There are new technologies and tools available today that use a “digital twin” developed from the CAD model and all the other information that surrounds it. These representations simulate the manufacturing environment and product requirements, and then cost the digital twin in “digital factories” that replicate process, materials, labor, and logistics costs around the world. The manufacturer gains valuable insights about cost and manufacturability earlier in the product lifecycle, enabling more focus on designing the best possible product at the lowest possible cost.

This information can be used at different stages of the product lifecycle:



The most important aspect of these tools is that they don’t require anything of the already overburdened engineer. Instead, these simulations can run in the background, with no interaction required from the design team. CAD designs are automatically analyzed for manufacturability and cost when they reach a certain point in their lifecycle; e.g., when they are checked into a PLM system, or another defined trigger.

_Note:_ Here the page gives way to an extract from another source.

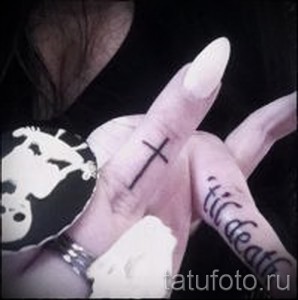 Фото тату маленького креста на пальце руки и надписи 'til death' на другой руке. Символизирует верность и преданность.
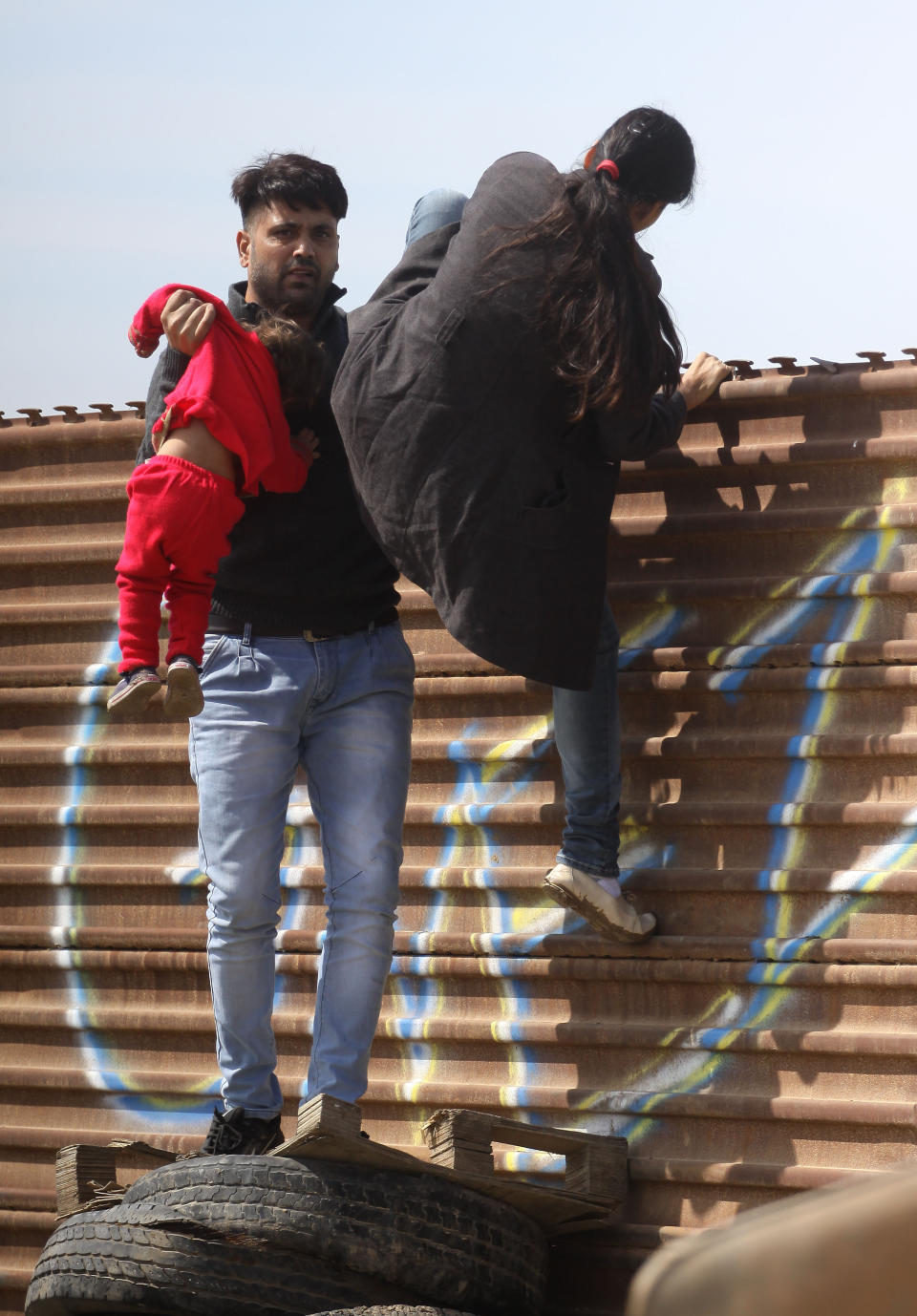 (FOTOS) La familia migrante que cruzó ilegalmente la frontera frente a los muros de Trump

The simulation generates all sorts of information related to manufacturability, process, costs, time-to-market, and resources required, and flags anything that is not optimized. Only when that flagging occurs do the engineering, sourcing, and cost engineering teams need to get involved. This way, resources are not diverted for anything unrelated to their role — or that does not need their attention. Then designers can focus on those issues that require their attention and make adjustments as needed in the product.

These tools can highlight the important manufacturing cost drivers and help get the right information to the right people at the right time to take advantage of important insights and opportunities.